*ENTRIES SUPPLIED*:

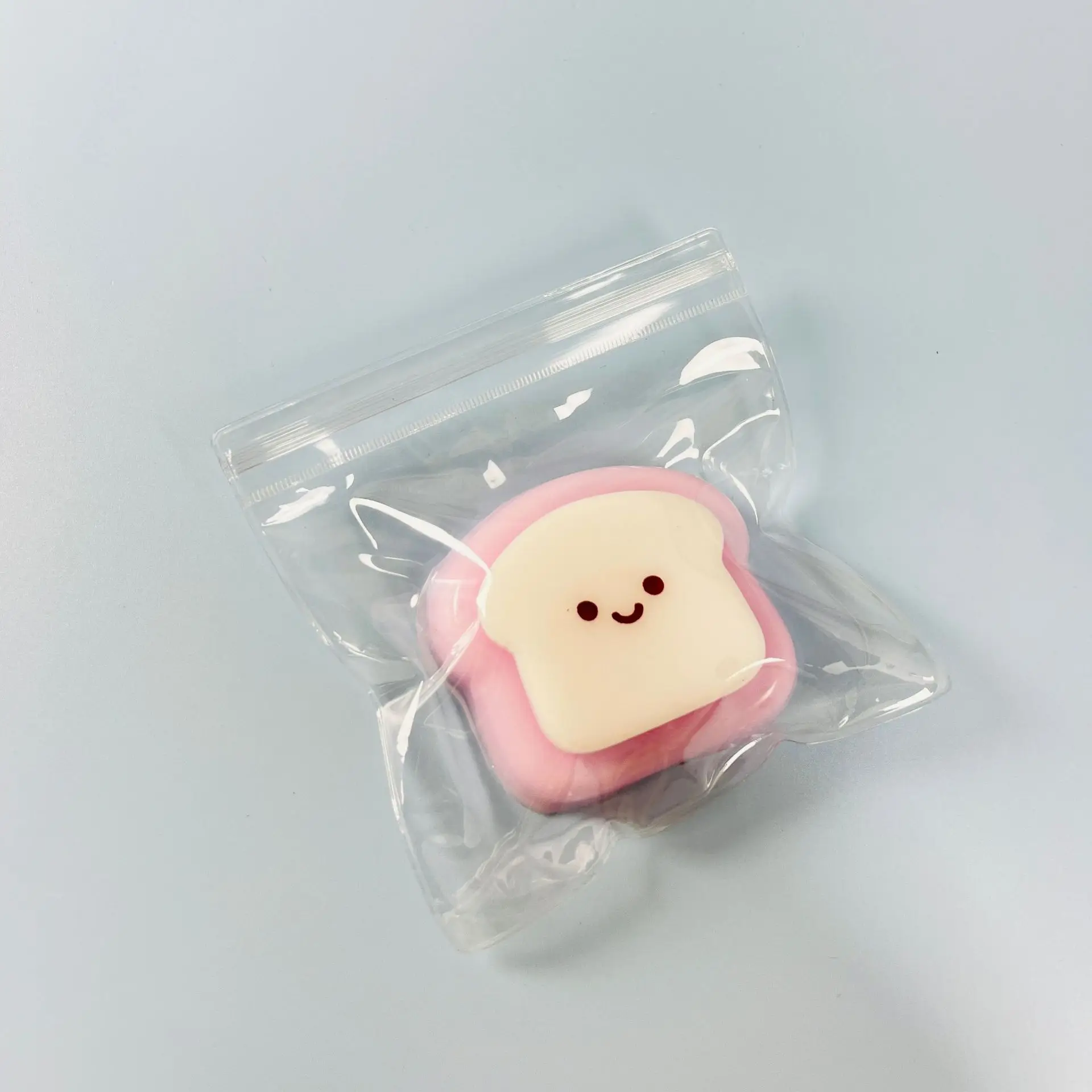 Kawaii Toast Cheese Mochi Soft Squeeze Slow Rebound Stress Relief Toy Smile Bread Slice Dessert Girl Birthday Gift Fidget Toy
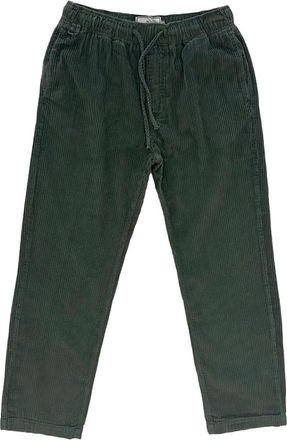 Maison Labiche Pantaloni a coste con coulisse - Verde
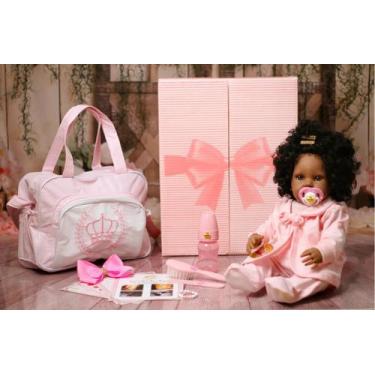 Bebê Reborn Boneca 100% Silicone Realista Negra Vários Itens na Americanas  Empresas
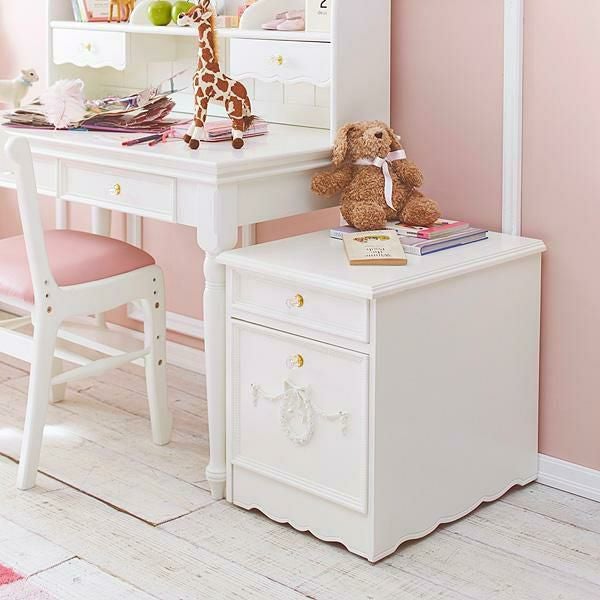 直送】プリンセスデスクワゴン｜かわいいお姫様インテリア家具・雑貨の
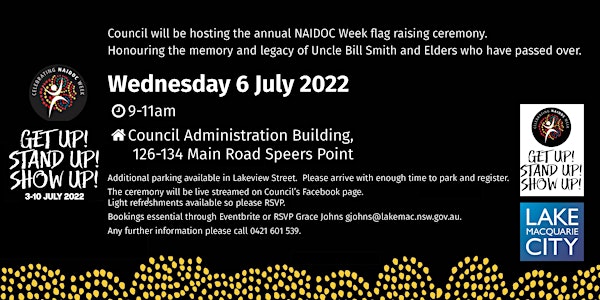 Lake Macquarie City Council annual NAIDOC Week flag raising ceremony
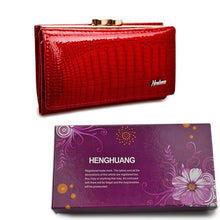 HH Women Wallet Genuine Leather High Quality Hasp Coin Purse 100% Cowhide  Fashion Female Clutch Purses Card Holder Wallets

*EXERCISE DESCRIPTION*: Look through the listing above for the line with "Maison Labiche Pantaloni" and the line with "Lake Macquarie City". Write out exactly those lines and everything between, leaving out pictures.

*WRITTEN ANSWER*:
 Maison Labiche Pantaloni a coste con coulisse - Verde
 Bebê Reborn Boneca 100% Silicone Realista Negra Vários Itens na Americanas  Empresas
 直送】プリンセスデスクワゴン｜かわいいお姫様インテリア家具・雑貨の
 Lake Macquarie City Council annual NAIDOC Week flag raising ceremony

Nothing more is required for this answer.